Afghanistans undervisningsministerium har budt et Taleban-dekret om ikke at angribe skoler og skræmme skolebørn velkommen. 350 skoler er stadig lukket, da børnenes sikkerhed er truet.
KABUL, 29 March 2011 (IRIN) – Taliban “supreme leader” Mullah Mohammad Omar has issued a decree instructing insurgents not to attack schools and intimidate schoolchildren, according to the Afghan Ministry of Education (MoE).
“In his message to a Taliban military council in Khost Province [southeastern Afghanistan], Mullah Omar said attacks on schools and students are the work of the enemies of Afghanistan and Islam,” MoE spokesman Sefatullah Sapai told IRIN, adding that the Ministry was not in direct contact with the insurgents.
An MoE statement on 29 March “sincerely” welcomed the Taliban’s announcement, and expected its “honest implementation”.
No Taliban spokesperson was immediately available to confirm their reclusive leader’s message on schools.
Over 300 schools have been reopened in secure parts of the country over the past year, after tribal councils were given the nod by powerful insurgents.
About 350 schools are still closed mainly due to insecurity and threats, thus depriving over 200,000 children of an education, MoE said.

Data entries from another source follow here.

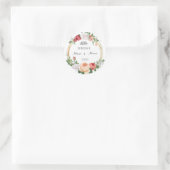 Bloemen bruiloft gunst stickers (Tas)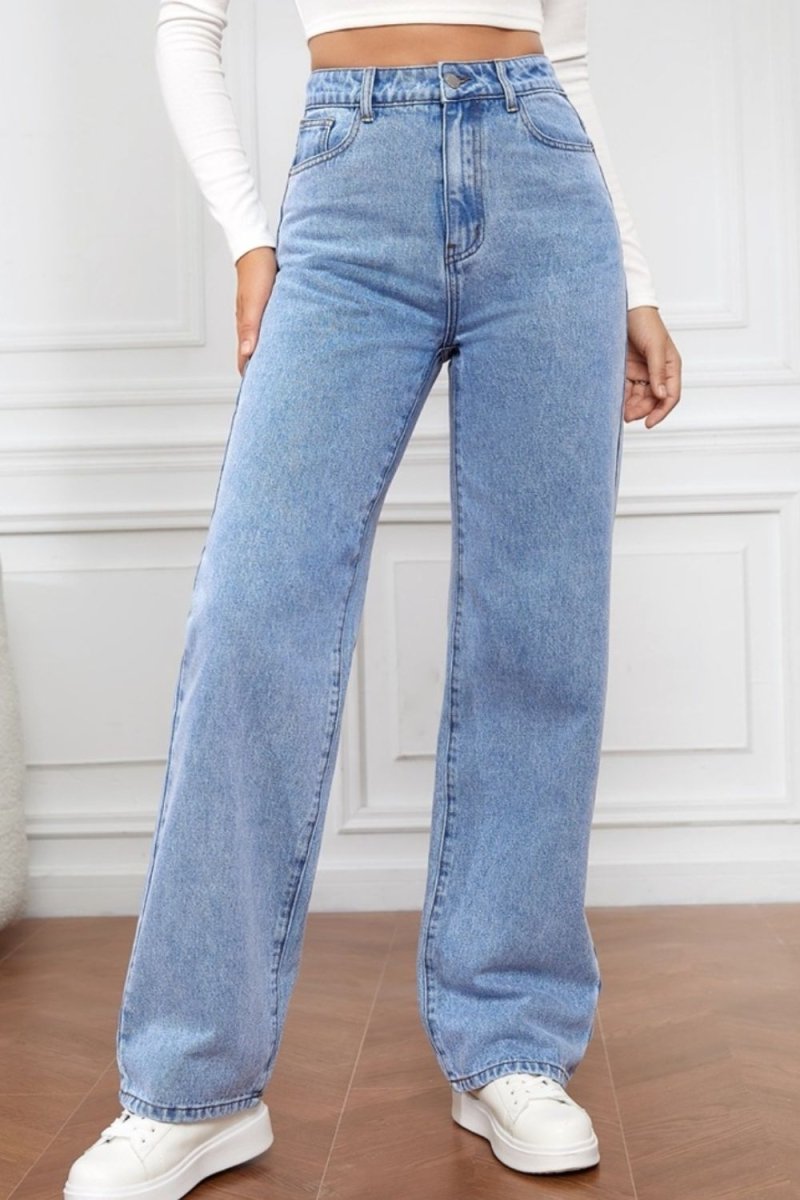 High Waist Straight Jeans - Bottoms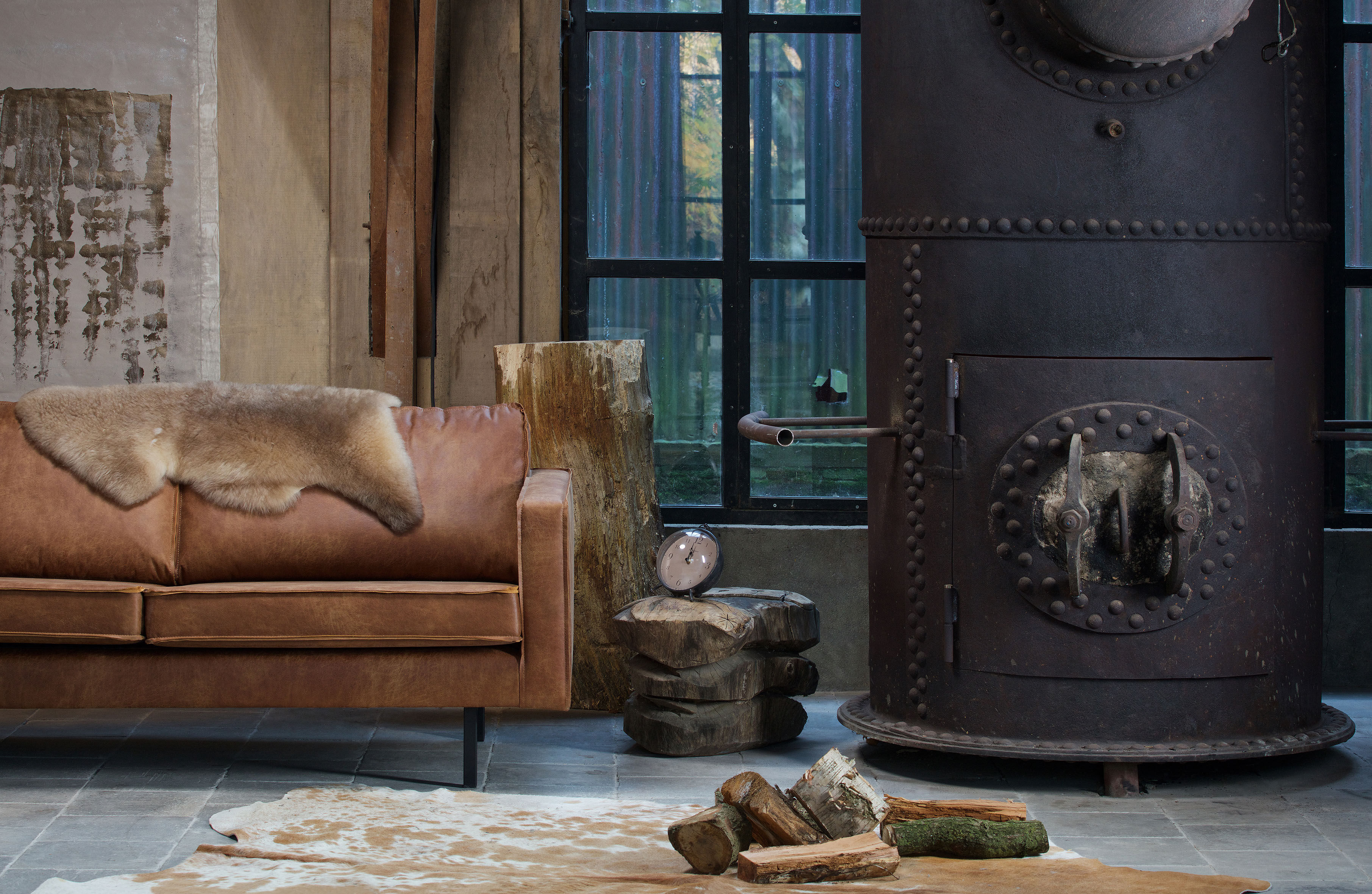 2,5-Sitzer WOOOD "Rodeo Bezug mit Zickzack-Federung, Metallbeine, H 85 x B 190 x T 86 cm", braun (cognac), B:190cm H:85cm T:86cm, Sofas, 2 5-Sitzer, Recycling-Lederfaser-Verbundstoff, pfleigleicht, Tragkraft 200 kg cognac B/H/T: 190cm x 85cm x 86cm, Leder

During their rule in Afghanistan (1996-2001), the Taliban barred females from attending schools or colleges. However, MoE says there are currently 2.4 million girls and almost five million boys enrolled at 13,000 schools across the country.
“We plan to reopen all the closed schools and build 1,000 new schools in 2011,” said Sapai.
Despite the reported progress, about 4.5 million school-age children are deprived of an education due to various social, economic and security problems, according to MoE.
A group of 16 local and foreign aid agencies warned in a report on 24 February that girls’ education was at risk in Afghanistan due to “poverty, growing insecurity, a lack of trained teachers, neglect of post-primary education and poorly equipped schools”.
Literacy rates in Afghanistan are among the lowest in the world – 18 percent for females and 49
percent males. Such rates exacerbate poverty and cause other problems, according to the UN Children’s Fund.